Biden’s Much Needed $1.9 Trillion Plan to Boost US Coronavirus Hit Economy

President-elect Joe Biden has proposed a much needed $1.9tn (£1.4tn) stimulus that will help US economy from the financial effect of Coronavirus before he takes office next week.

If passed by the US Congress there will be a relief package that would include $1tn (£736Bn) for households, with direct payments of $1,400 (£1.03K) to all Americans. The proposal includes $415bn to fight the virus and $440bn for small businesses.

Mr Biden, a Democrat, has promised to beat the pandemic that has killed more than 385,000 people in the US. He vowed last year to do a better job than the outgoing President, Donald Trump. His proposal comes as a surge of the coronavirus broke records during the Winter period.

Each day brings well over 200,000 new cases in the US and the daily death toll sometimes tops 4,000.

President-Elect Joe Biden hold’s his pre-inaugural speech today ahead of his inauguration next Wednesday and promises a fiscal policy to stimulate the US economy and tackle the U.S. Covid-19 crisis.
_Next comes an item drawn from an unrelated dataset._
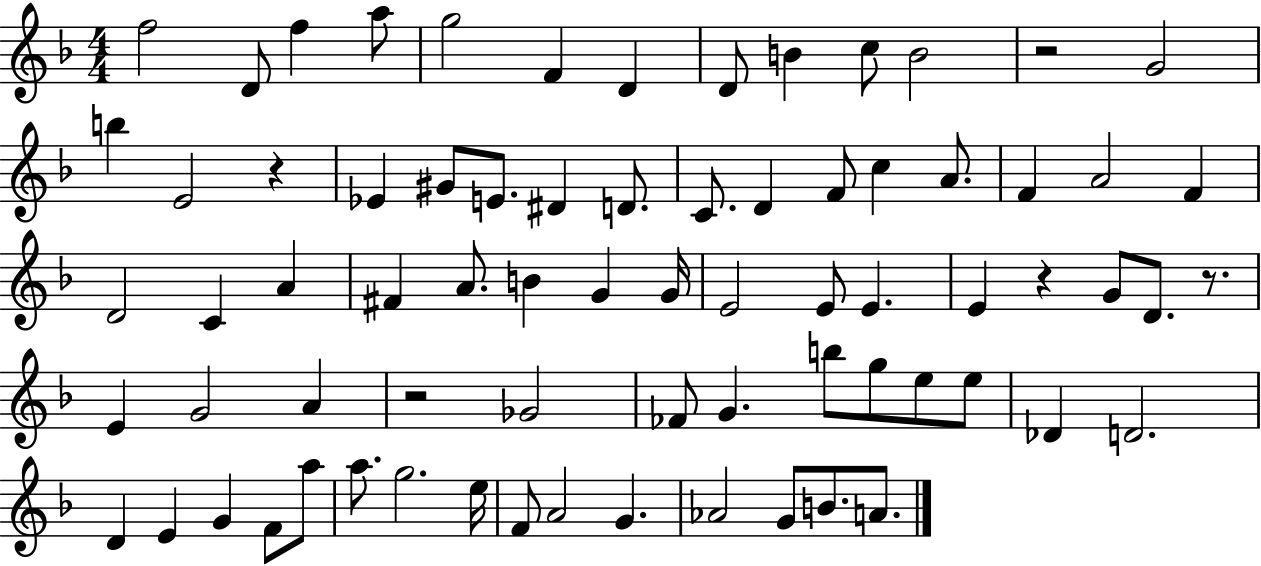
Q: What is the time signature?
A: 4/4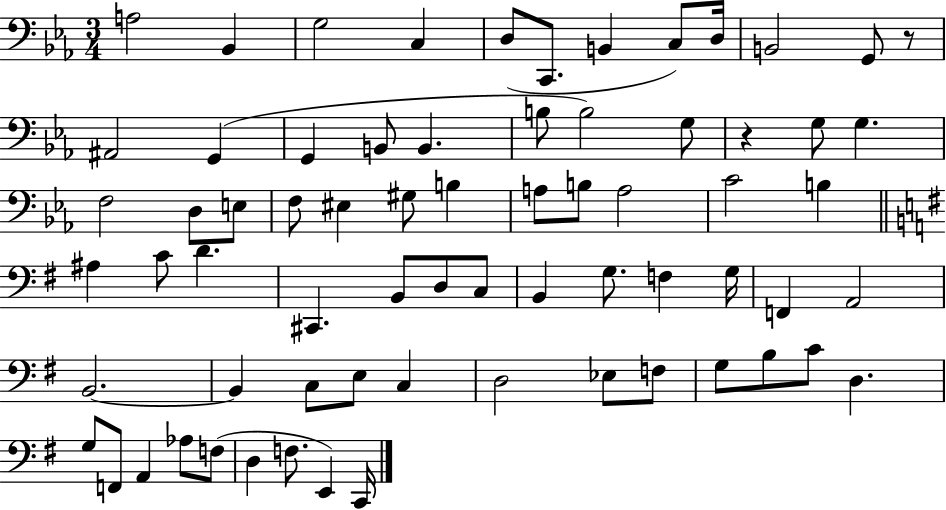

Biden’s “American Rescue Plan” will require approval both from the House and Senate. He’ll return in February, in his first address to Congress, to ask for additional infrastructure spending.

“I know what I just described does not come cheaply,” Biden said. “But failure to do so will cost us dearly.”

Biden has previousy identified COVID-19 and its economic effects as the two biggest problems Americans are currently facing. In his first pre-inaugura speech he highlisted a need for money to tackle the pandemic, “Next week, we’ll take action to extend nationwide restrictions on evictions and foreclosures,” he said.

His spending proposal will be divided into three parts:

  • $400 billion to address the virus.
  • $1 trillion in direct relief to families and individuals.
  • $440 billion to help communities and businesses hit the hardest by the pandemic.

What this money will offer :

  • An extra $1,400 of payments in addition to $600 for $2,000 in overall relief.
  • Raising unemployment insurance from $300 to $400 per week, and extending it through September.
  • Roughly $20 billion for a national vaccination program, and another $140 billion for testing and other public health investments.
  • Fourteen weeks of paid leave for caregivers, payable to those coping with school closures and caring for people with COVID-19 symptoms.
  • Raising the national minimum wage to $15 per hour, and abolishing the tipped minimum wage and the sub-minimum wage for people with disabilities.